DATA EXCERPTS:
########
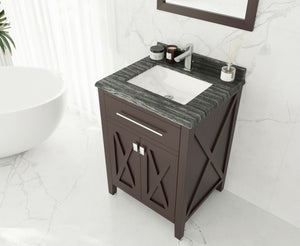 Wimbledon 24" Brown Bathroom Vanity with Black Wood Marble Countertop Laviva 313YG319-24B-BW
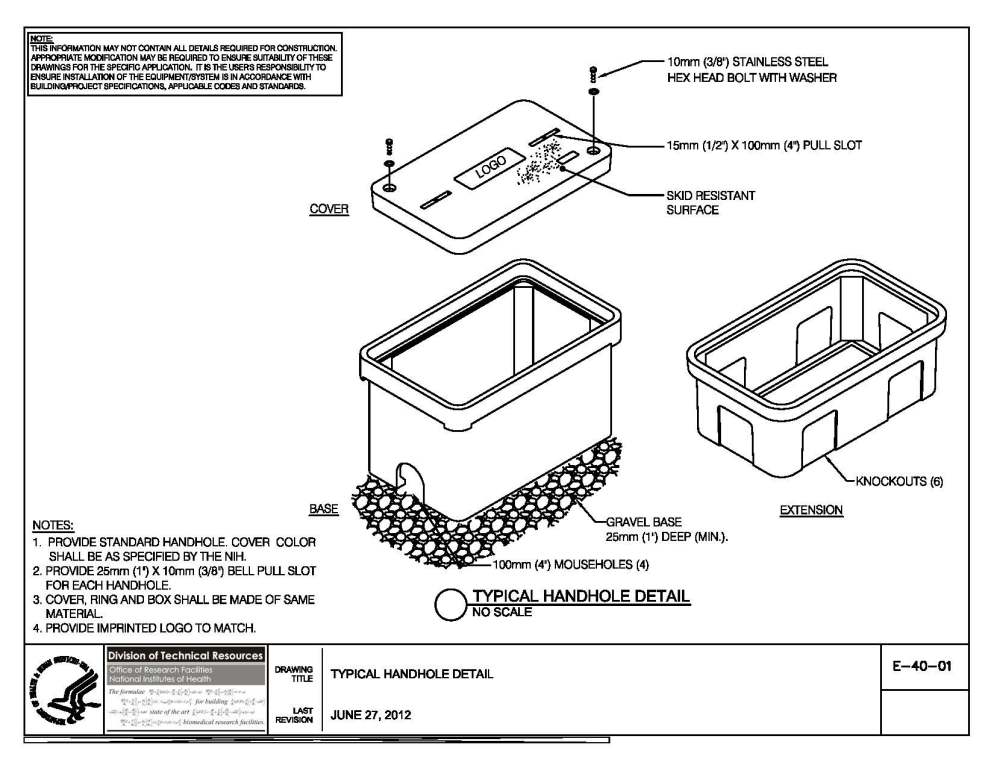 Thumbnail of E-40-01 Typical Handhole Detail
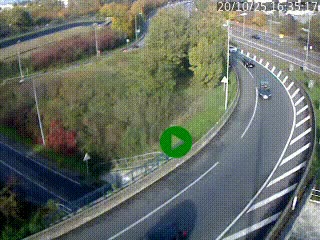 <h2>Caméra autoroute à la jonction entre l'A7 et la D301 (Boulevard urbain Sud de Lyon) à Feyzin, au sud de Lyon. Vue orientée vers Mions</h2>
########
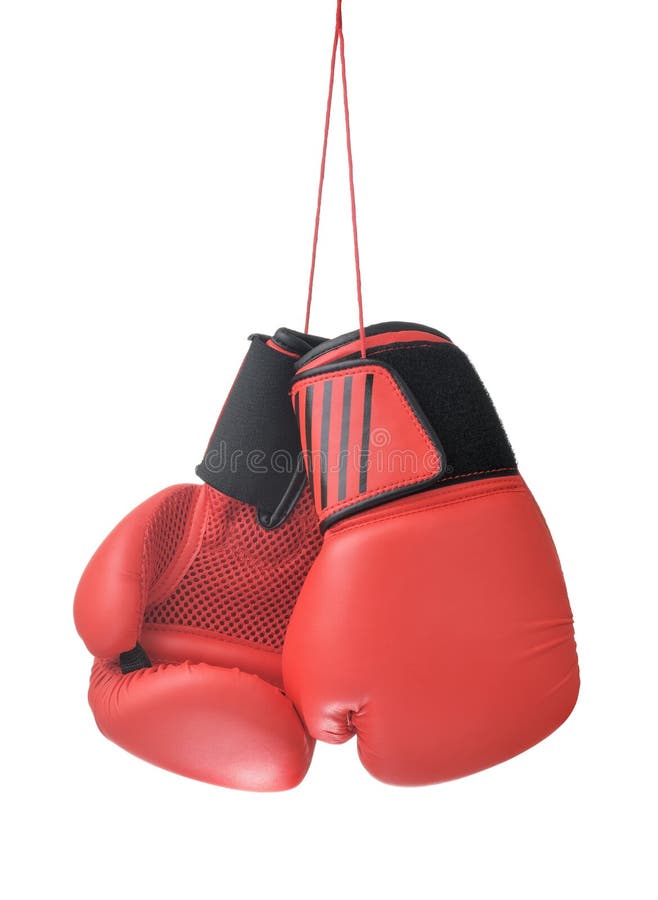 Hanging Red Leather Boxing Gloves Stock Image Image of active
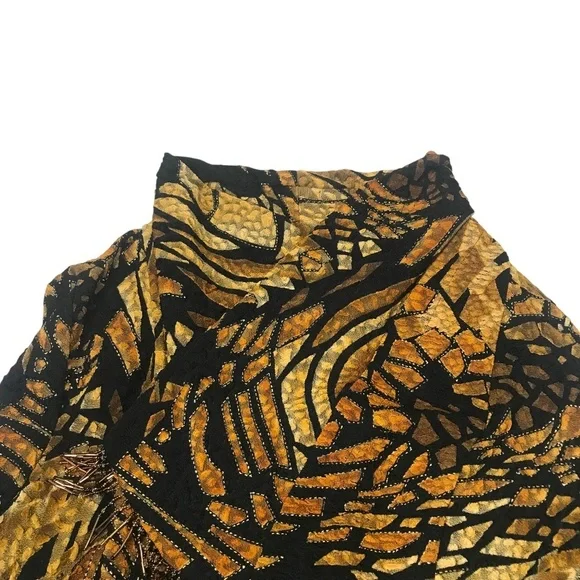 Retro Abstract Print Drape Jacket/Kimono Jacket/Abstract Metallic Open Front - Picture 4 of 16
########
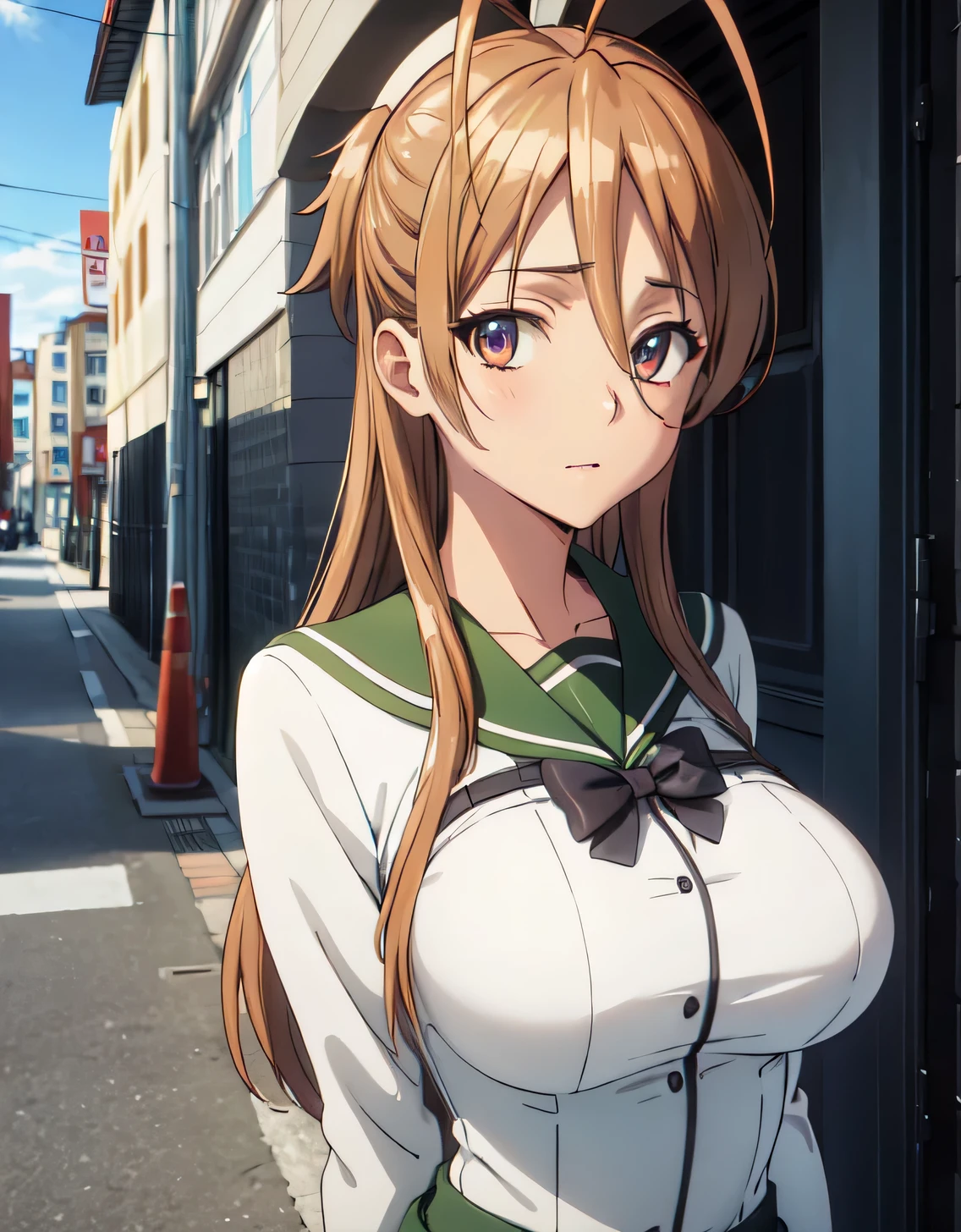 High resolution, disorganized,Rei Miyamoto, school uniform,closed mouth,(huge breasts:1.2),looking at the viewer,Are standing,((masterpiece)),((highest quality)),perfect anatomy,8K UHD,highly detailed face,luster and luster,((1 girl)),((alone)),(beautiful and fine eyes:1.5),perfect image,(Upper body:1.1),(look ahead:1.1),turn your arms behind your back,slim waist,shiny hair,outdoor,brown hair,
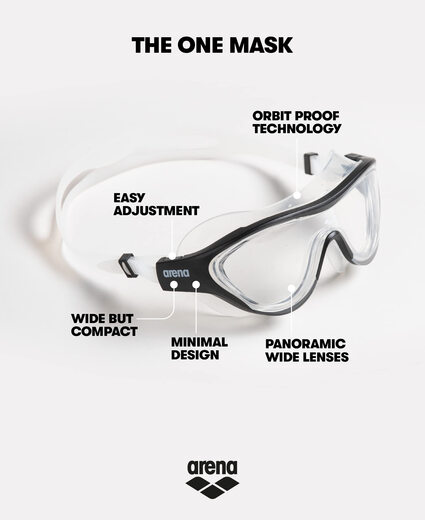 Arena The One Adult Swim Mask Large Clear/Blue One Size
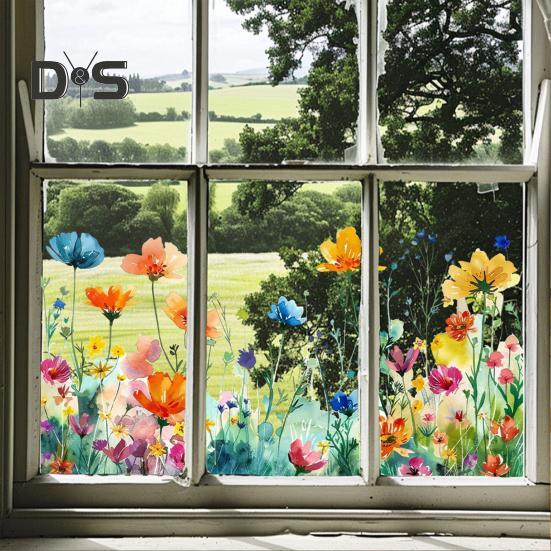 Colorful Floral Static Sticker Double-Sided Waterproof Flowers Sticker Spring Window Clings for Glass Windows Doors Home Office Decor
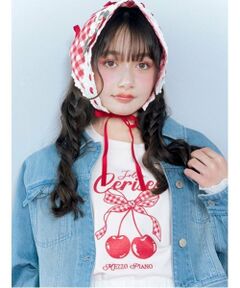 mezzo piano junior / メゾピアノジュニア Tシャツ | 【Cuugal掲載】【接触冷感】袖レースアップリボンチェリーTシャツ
########
TASK PROMPT:
Copy the lines above exactly, starting with the line that contains "Hanging Red Leather" and ending with the line that contains "Retro Abstract Print", and leave out any pictures.

RESPONSE BELOW:
 Hanging Red Leather Boxing Gloves Stock Image Image of active
 Retro Abstract Print Drape Jacket/Kimono Jacket/Abstract Metallic Open Front - Picture 4 of 16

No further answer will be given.